RECORDED INFORMATION —
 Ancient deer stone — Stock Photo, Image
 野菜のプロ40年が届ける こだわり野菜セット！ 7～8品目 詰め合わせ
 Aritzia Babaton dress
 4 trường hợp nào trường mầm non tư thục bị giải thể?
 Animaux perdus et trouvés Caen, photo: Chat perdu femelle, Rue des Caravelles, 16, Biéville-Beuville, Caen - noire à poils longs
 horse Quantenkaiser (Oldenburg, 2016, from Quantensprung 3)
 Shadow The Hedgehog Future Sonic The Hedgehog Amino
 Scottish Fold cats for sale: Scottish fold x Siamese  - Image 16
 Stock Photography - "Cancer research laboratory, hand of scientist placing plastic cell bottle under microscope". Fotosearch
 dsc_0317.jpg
* * *
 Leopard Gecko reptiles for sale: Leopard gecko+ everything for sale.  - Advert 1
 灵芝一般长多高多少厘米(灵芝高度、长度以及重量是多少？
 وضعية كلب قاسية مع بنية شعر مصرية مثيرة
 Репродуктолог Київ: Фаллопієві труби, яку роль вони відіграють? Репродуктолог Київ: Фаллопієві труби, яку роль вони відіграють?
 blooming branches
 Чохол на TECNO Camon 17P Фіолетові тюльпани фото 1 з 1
--
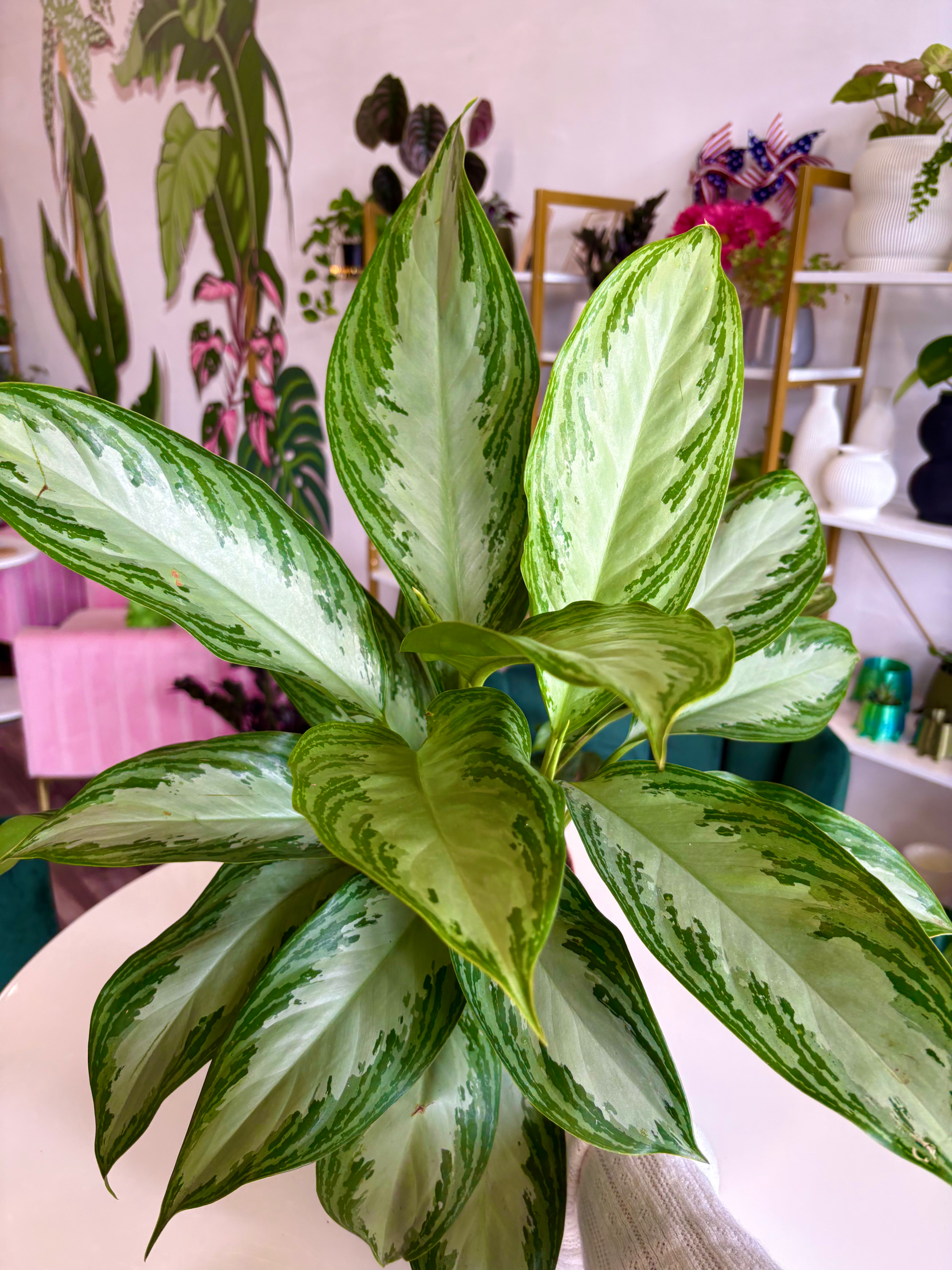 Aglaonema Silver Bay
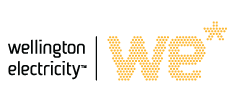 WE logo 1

EXERCISE PROMPT —
What do the lines above say from the one containing "Aritzia Babaton dress" down to the one containing "dsc_0317.jpg"? Return them exactly, both end lines included, and only them.

SOLUTION —
 Aritzia Babaton dress
 4 trường hợp nào trường mầm non tư thục bị giải thể?
 Animaux perdus et trouvés Caen, photo: Chat perdu femelle, Rue des Caravelles, 16, Biéville-Beuville, Caen - noire à poils longs
 horse Quantenkaiser (Oldenburg, 2016, from Quantensprung 3)
 Shadow The Hedgehog Future Sonic The Hedgehog Amino
 Scottish Fold cats for sale: Scottish fold x Siamese  - Image 16
 Stock Photography - "Cancer research laboratory, hand of scientist placing plastic cell bottle under microscope". Fotosearch
 dsc_0317.jpg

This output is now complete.